Exercise aim - Each line of the data must be given back verbatim, with pictures removed.

[[ Data section open ]]

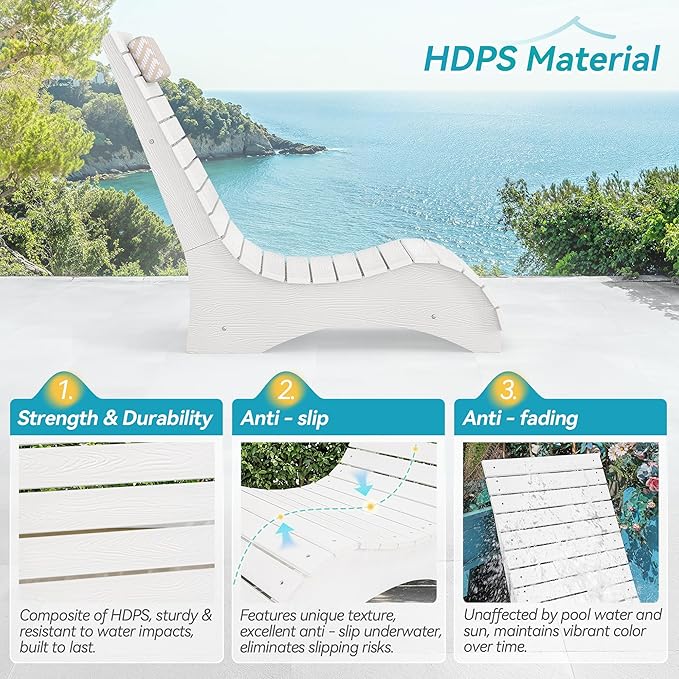 Homenjoy HDPS Pool Lounge Chairs Set of 2, Use in Pools Lounge Chairs up to 10-Inches of Water, Chaise Chairs with Headrest, Lounge Chair Outdoor, Fade-Resistant Pool Lounger for Deck
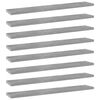vidaXL Panneaux de biblioth&egrave;que 8 pcs Gris b&eacute;ton 60x10x1,5cm Agglom&eacute;r&eacute;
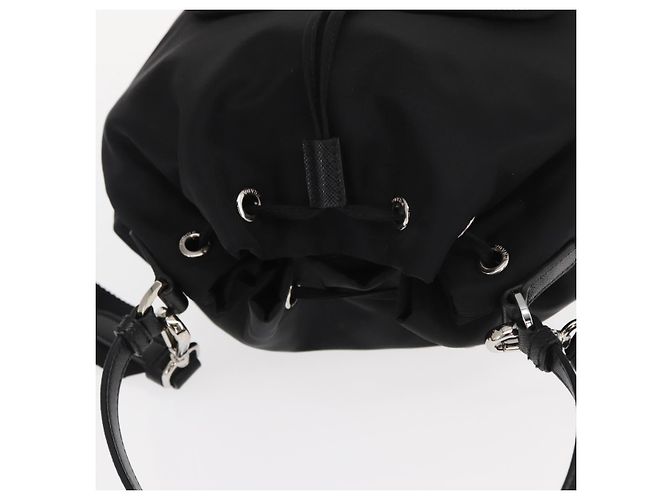 PRADA Bolsa de Mão Nylon 2 vias Preto Prata Auth 158945SAM - vista 6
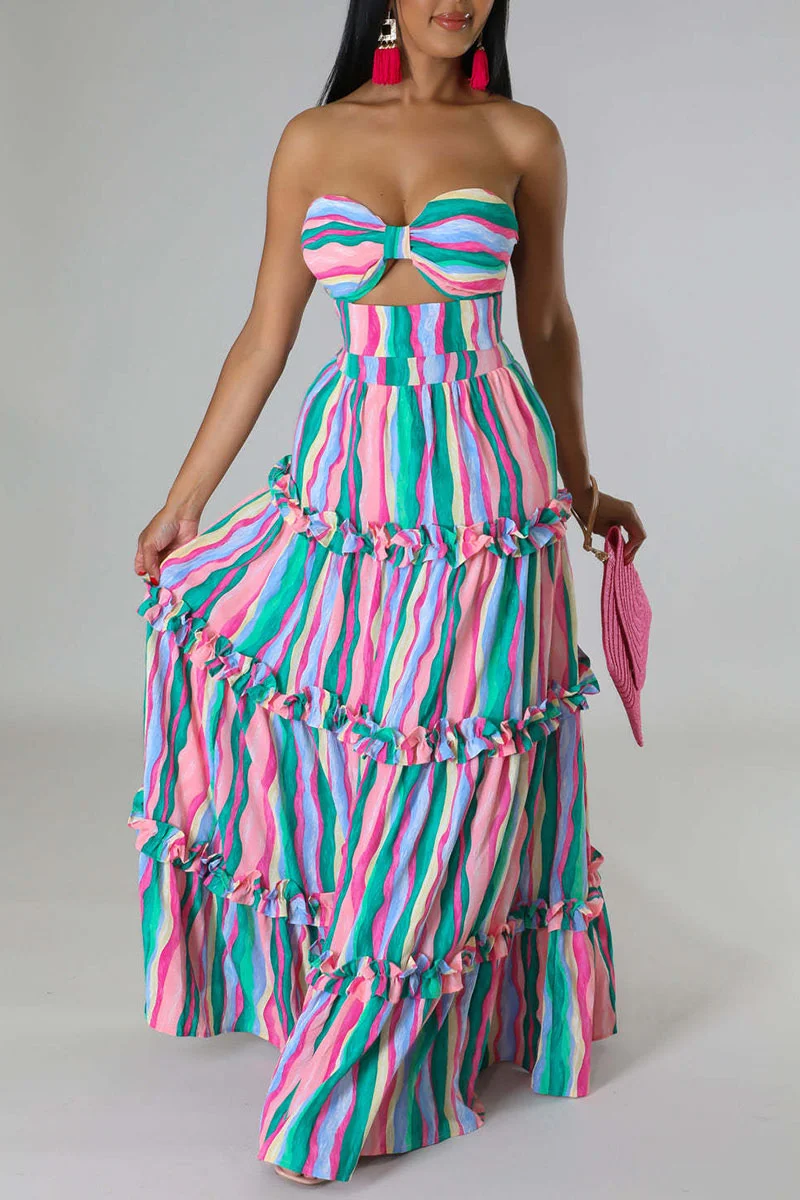 Pink Sexy Striped Print Hollowed Out Patchwork Strapless Sleeveless Two Pieces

[[ Data section closed ]]

Problem solution -
 Homenjoy HDPS Pool Lounge Chairs Set of 2, Use in Pools Lounge Chairs up to 10-Inches of Water, Chaise Chairs with Headrest, Lounge Chair Outdoor, Fade-Resistant Pool Lounger for Deck
vidaXL Panneaux de biblioth&egrave;que 8 pcs Gris b&eacute;ton 60x10x1,5cm Agglom&eacute;r&eacute;
 PRADA Bolsa de Mão Nylon 2 vias Preto Prata Auth 158945SAM - vista 6
 Pink Sexy Striped Print Hollowed Out Patchwork Strapless Sleeveless Two Pieces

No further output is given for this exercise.